(Web page caption snippets)
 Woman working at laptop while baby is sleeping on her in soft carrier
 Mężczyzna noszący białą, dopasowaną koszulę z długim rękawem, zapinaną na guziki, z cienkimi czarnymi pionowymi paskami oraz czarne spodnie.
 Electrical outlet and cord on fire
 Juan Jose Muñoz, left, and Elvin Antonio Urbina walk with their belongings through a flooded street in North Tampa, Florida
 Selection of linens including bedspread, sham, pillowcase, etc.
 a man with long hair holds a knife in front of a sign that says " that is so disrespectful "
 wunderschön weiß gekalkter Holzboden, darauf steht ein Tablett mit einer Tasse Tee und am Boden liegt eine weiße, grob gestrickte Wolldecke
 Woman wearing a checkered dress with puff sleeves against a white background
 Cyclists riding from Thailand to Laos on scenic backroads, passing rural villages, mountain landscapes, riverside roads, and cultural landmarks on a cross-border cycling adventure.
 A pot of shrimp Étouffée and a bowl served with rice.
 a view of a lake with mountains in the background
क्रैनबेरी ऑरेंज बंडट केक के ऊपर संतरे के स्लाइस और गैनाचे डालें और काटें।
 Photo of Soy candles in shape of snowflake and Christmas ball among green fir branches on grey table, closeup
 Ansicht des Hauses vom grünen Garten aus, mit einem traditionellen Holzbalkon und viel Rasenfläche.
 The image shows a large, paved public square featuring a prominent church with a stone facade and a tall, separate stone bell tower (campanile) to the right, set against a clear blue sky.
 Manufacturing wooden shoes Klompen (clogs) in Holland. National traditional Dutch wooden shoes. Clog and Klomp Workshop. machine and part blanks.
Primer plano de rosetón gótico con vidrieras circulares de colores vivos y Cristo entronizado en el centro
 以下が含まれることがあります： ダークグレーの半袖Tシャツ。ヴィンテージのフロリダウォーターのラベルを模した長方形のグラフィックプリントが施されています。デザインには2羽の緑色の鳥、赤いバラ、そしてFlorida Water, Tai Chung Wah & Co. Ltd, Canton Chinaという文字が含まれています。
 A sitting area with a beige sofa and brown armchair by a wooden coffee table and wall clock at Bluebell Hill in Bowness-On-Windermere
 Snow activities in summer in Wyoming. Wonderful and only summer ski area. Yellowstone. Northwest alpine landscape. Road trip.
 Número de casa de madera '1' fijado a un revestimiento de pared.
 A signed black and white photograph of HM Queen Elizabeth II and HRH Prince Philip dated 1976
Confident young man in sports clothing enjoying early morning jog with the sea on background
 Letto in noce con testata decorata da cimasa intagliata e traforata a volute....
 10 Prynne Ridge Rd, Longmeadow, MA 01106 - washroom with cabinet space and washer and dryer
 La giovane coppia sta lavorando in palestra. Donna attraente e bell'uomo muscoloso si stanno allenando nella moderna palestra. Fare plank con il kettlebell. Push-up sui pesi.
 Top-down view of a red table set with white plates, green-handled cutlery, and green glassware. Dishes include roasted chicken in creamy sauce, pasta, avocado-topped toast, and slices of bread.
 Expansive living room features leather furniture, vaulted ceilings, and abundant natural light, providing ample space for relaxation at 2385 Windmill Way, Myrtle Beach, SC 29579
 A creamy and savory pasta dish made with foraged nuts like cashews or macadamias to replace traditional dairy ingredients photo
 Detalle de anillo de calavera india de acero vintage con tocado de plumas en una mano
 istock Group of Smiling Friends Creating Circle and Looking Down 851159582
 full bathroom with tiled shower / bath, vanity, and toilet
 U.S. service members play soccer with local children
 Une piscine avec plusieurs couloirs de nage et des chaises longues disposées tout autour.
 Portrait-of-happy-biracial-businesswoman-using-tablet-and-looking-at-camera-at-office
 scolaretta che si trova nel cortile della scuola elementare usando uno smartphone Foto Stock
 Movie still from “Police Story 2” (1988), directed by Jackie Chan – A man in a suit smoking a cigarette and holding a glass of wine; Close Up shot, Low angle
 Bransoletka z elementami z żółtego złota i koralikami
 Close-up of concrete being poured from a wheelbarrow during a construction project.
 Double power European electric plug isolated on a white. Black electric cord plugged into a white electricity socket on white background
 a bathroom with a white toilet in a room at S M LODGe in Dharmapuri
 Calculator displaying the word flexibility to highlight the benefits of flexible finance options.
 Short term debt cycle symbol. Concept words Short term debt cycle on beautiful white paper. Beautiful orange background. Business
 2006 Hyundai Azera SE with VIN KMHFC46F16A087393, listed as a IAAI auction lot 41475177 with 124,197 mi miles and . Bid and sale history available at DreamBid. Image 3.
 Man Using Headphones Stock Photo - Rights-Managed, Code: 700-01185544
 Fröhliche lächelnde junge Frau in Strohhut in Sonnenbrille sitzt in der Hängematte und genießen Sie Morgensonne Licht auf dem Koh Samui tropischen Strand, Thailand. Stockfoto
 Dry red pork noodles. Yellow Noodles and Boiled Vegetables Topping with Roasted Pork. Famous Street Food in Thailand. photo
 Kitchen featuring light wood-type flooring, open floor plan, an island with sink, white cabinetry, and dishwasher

**Action item:** In full and exactly as written, reproduce the records above.

**The completed task:**
 Woman working at laptop while baby is sleeping on her in soft carrier
 Mężczyzna noszący białą, dopasowaną koszulę z długim rękawem, zapinaną na guziki, z cienkimi czarnymi pionowymi paskami oraz czarne spodnie.
 Electrical outlet and cord on fire
 Juan Jose Muñoz, left, and Elvin Antonio Urbina walk with their belongings through a flooded street in North Tampa, Florida
 Selection of linens including bedspread, sham, pillowcase, etc.
 a man with long hair holds a knife in front of a sign that says " that is so disrespectful "
 wunderschön weiß gekalkter Holzboden, darauf steht ein Tablett mit einer Tasse Tee und am Boden liegt eine weiße, grob gestrickte Wolldecke
 Woman wearing a checkered dress with puff sleeves against a white background
 Cyclists riding from Thailand to Laos on scenic backroads, passing rural villages, mountain landscapes, riverside roads, and cultural landmarks on a cross-border cycling adventure.
 A pot of shrimp Étouffée and a bowl served with rice.
 a view of a lake with mountains in the background
क्रैनबेरी ऑरेंज बंडट केक के ऊपर संतरे के स्लाइस और गैनाचे डालें और काटें।
 Photo of Soy candles in shape of snowflake and Christmas ball among green fir branches on grey table, closeup
 Ansicht des Hauses vom grünen Garten aus, mit einem traditionellen Holzbalkon und viel Rasenfläche.
 The image shows a large, paved public square featuring a prominent church with a stone facade and a tall, separate stone bell tower (campanile) to the right, set against a clear blue sky.
 Manufacturing wooden shoes Klompen (clogs) in Holland. National traditional Dutch wooden shoes. Clog and Klomp Workshop. machine and part blanks.
Primer plano de rosetón gótico con vidrieras circulares de colores vivos y Cristo entronizado en el centro
 以下が含まれることがあります： ダークグレーの半袖Tシャツ。ヴィンテージのフロリダウォーターのラベルを模した長方形のグラフィックプリントが施されています。デザインには2羽の緑色の鳥、赤いバラ、そしてFlorida Water, Tai Chung Wah & Co. Ltd, Canton Chinaという文字が含まれています。
 A sitting area with a beige sofa and brown armchair by a wooden coffee table and wall clock at Bluebell Hill in Bowness-On-Windermere
 Snow activities in summer in Wyoming. Wonderful and only summer ski area. Yellowstone. Northwest alpine landscape. Road trip.
 Número de casa de madera '1' fijado a un revestimiento de pared.
 A signed black and white photograph of HM Queen Elizabeth II and HRH Prince Philip dated 1976
Confident young man in sports clothing enjoying early morning jog with the sea on background
 Letto in noce con testata decorata da cimasa intagliata e traforata a volute....
 10 Prynne Ridge Rd, Longmeadow, MA 01106 - washroom with cabinet space and washer and dryer
 La giovane coppia sta lavorando in palestra. Donna attraente e bell'uomo muscoloso si stanno allenando nella moderna palestra. Fare plank con il kettlebell. Push-up sui pesi.
 Top-down view of a red table set with white plates, green-handled cutlery, and green glassware. Dishes include roasted chicken in creamy sauce, pasta, avocado-topped toast, and slices of bread.
 Expansive living room features leather furniture, vaulted ceilings, and abundant natural light, providing ample space for relaxation at 2385 Windmill Way, Myrtle Beach, SC 29579
 A creamy and savory pasta dish made with foraged nuts like cashews or macadamias to replace traditional dairy ingredients photo
 Detalle de anillo de calavera india de acero vintage con tocado de plumas en una mano
 istock Group of Smiling Friends Creating Circle and Looking Down 851159582
 full bathroom with tiled shower / bath, vanity, and toilet
 U.S. service members play soccer with local children
 Une piscine avec plusieurs couloirs de nage et des chaises longues disposées tout autour.
 Portrait-of-happy-biracial-businesswoman-using-tablet-and-looking-at-camera-at-office
 scolaretta che si trova nel cortile della scuola elementare usando uno smartphone Foto Stock
 Movie still from “Police Story 2” (1988), directed by Jackie Chan – A man in a suit smoking a cigarette and holding a glass of wine; Close Up shot, Low angle
 Bransoletka z elementami z żółtego złota i koralikami
 Close-up of concrete being poured from a wheelbarrow during a construction project.
 Double power European electric plug isolated on a white. Black electric cord plugged into a white electricity socket on white background
 a bathroom with a white toilet in a room at S M LODGe in Dharmapuri
 Calculator displaying the word flexibility to highlight the benefits of flexible finance options.
 Short term debt cycle symbol. Concept words Short term debt cycle on beautiful white paper. Beautiful orange background. Business
 2006 Hyundai Azera SE with VIN KMHFC46F16A087393, listed as a IAAI auction lot 41475177 with 124,197 mi miles and . Bid and sale history available at DreamBid. Image 3.
 Man Using Headphones Stock Photo - Rights-Managed, Code: 700-01185544
 Fröhliche lächelnde junge Frau in Strohhut in Sonnenbrille sitzt in der Hängematte und genießen Sie Morgensonne Licht auf dem Koh Samui tropischen Strand, Thailand. Stockfoto
 Dry red pork noodles. Yellow Noodles and Boiled Vegetables Topping with Roasted Pork. Famous Street Food in Thailand. photo
 Kitchen featuring light wood-type flooring, open floor plan, an island with sink, white cabinetry, and dishwasher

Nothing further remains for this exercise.